Em conversa com a Agência Brasil, órgão de imprensa do Governo, o professor disse que “o Exército tolerou e permitiu que esses indivíduos usassem a instituição para conspirar o golpe de Estado.
E essa responsabilidade política precisa ser cobrada a partir de reformas nas relações entre civis e militares e na criação de garantias de que isso não voltará a ocorrer”. Lentz, destaca que várias ações e omissões confirmam uma tolerância dos militares com o movimento golpista.
“Desde dar adesão mais ampla a um projeto político partidário, que foi o governo Bolsonaro, até a permissão de militares de alta patente da ativa ocuparem cargos de ministro de Estado.
Além disso, podemos falar da participação claudicante e de quase desestabilização do processo eleitoral a partir da atuação dos militares na comissão de fiscalização do TSE [Tribunal Superior Eleitoral], e também a posição em relação aos acampamentos”, enumerou.
A NOTA GOLPISTA
Lentz destacou a nota dos três comandantes das Forças Armadas – da Marinha, do Exército e da Aeronáutica – do dia 11 de novembro de 2022 intitulada “Às Instituições e ao Povo Brasileiro”. No texto, os comandantes condenaram “eventuais excessos” cometidos por manifestantes, mas sustentaram que os atos não constituíam qualquer crime.
“A nota dos comandantes, logo depois do final do resultado eleitoral, ao não reconhecer de forma aberta, clara e indubitável o resultado eleitoral, alimentou a sanha golpista.
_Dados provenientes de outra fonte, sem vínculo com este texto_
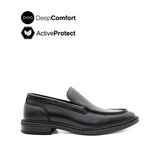 River Slip On Apron Toe Men's Shoes- Black Leather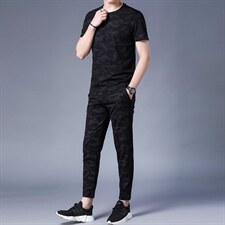 男士运动套装夏季新款2023新款短袖t恤宽松休闲长裤子两件套，男装休闲套装，电商B212（原钱塘6029）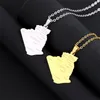 Collane a ciondolo in acciaio inossidabile europeo e americano collana di città algerina con mappa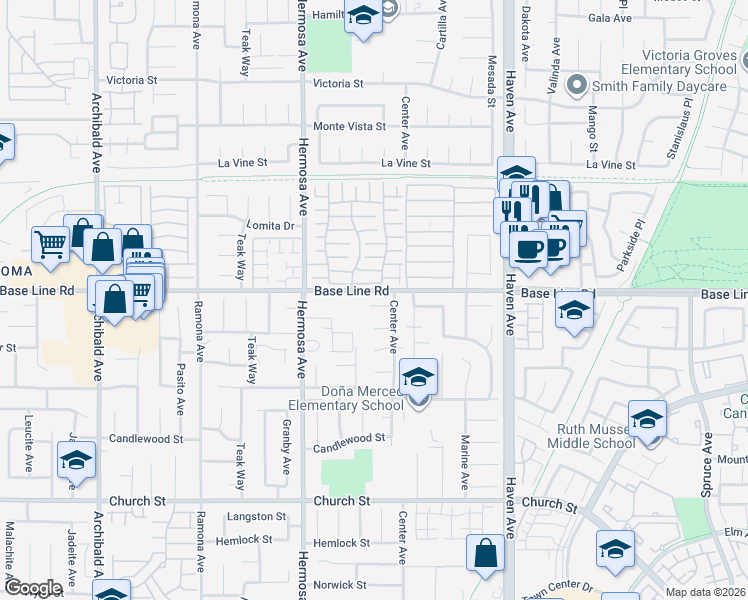 map of restaurants, bars, coffee shops, grocery stores, and more near 10262 Ironwood Court in Rancho Cucamonga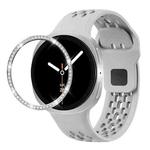 For Samsung Galaxy Watch8 44mm Diamond Bezel and Black Reverse Buckle Silicone Watch Band(Gray Silver)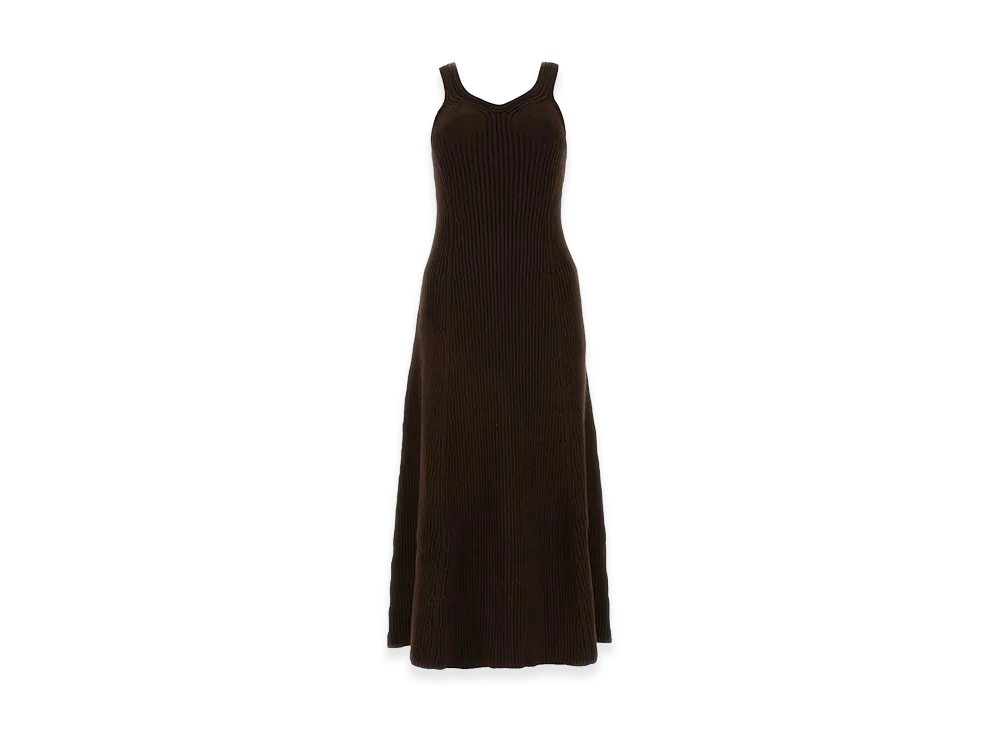 Jil Sander Women's Chocolate Cotton Blend Dress "Brown"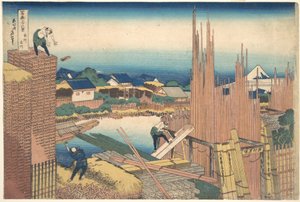 Tatekawa en Honjō (Honjō Tatekawa), de la serie «Las treinta y seis vistas del monte Fuji» (Fugaku sanjūrokkei)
Ou seja, os comandantes da época alimentaram a sanha golpista, seja pelo discurso à nação a partir de uma nota oficial, seja a partir da permissão e de apoio aos acampamentos”, destacou o especialista.
“Quando um capitão e vários generais e oficiais defendem a ditadura de 64, negando as graves violações dos direitos humanos que ocorreram no período, e quando esses militares voltam ao poder, eles vão tentar naturalmente o golpe de Estado para se manter no poder.”
MUCIO, PAZ E AMOR
Na avaliação do ministro da Defesa, José Múcio, e do ministro interino da Justiça e Segurança Pública, Ricardo Cappelli, é preciso separar os indivíduos das instituições.
Em declarações à imprensa, Múcio defendeu que alguns militares cometeram irregularidades em relação ao 8 de janeiro, mas que a instituição não teria apoiado a aventura golpista.
Matéria publicada pela Revista Sociedade Militar mostra trechos da entrevista do Ministro da Defesa, em que ele, ao ser questionado sobre as eventuais responsabilidades dos militares no movimento de 8 de janeiro, diz que torce “muito para que as investigações encontrem os culpados.
Para as Forças Armadas, é fundamental, para que essa névoa de suspeição que paira sobre os militares se dissipe. Precisamos dos nomes, para puni-los.”